I was excited to see that one of the St. Cloud podcasts was about Barden Park - that is, until I watched it and discovered a glaring omission.
The video spot explains the history of the park, how it was first named Central Park and later renamed for Charles Barden, a longtime parks board member. It also explains that the central feature of the park is the octagonal bandstand, built in 1925 out of St. Cloud granite. And then - it neglects to mention anything about the band itself.
Hello, historians. It's a bandstand - without the band, it's just a stand. And I can't let that stand.
G. Oliver Riggs, was the director of both the St. Cloud Municipal Boys' Band, pictured above in the white uniforms, and the St. Cloud Municipal Band, wearing dark uniforms and sitting inside the bandstand.

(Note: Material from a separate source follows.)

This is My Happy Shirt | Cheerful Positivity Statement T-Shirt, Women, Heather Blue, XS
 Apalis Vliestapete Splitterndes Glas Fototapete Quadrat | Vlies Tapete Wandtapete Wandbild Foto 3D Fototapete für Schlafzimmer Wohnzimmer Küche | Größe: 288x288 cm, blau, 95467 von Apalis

In August 1925, 5,000 people thronged the park to attend a concert that included performances by both bands and concluded with a community sing. Not all concerts attracted an audience of that size, but the band continued to hold regular, popular summer concerts at the park through Riggs' 20-year career as director.
One former band member who went on to play in the U.S. Navy Band, Leonard Jung, told me there was always a popcorn wagon at the park during concerts, where people could buy popcorn and Cracker Jacks. Some concertgoers wouldn't get out of their cars.
"They'd just sit in the car, and when a number was through, for applause, they'd all honk their horns," Leonard said.
The park is located in the St. Cloud State University neighborhood, and the St. Cloud Municipal Band still plays summer concerts there, in a showmobile near the bandstand. Concertgoers enjoy root beer floats and sit on benches or bring their own lawn chairs. The photo below was taken at one of those concerts, in August 2008 (My dad, William Riggs, is in the trumpet section).
So, to set the record straight: the history of Barden Park is entwined with the history of the St. Cloud Municipal Band. You can't have one without the other. Musical contributions to the park's history should not be overlooked or taken for granted.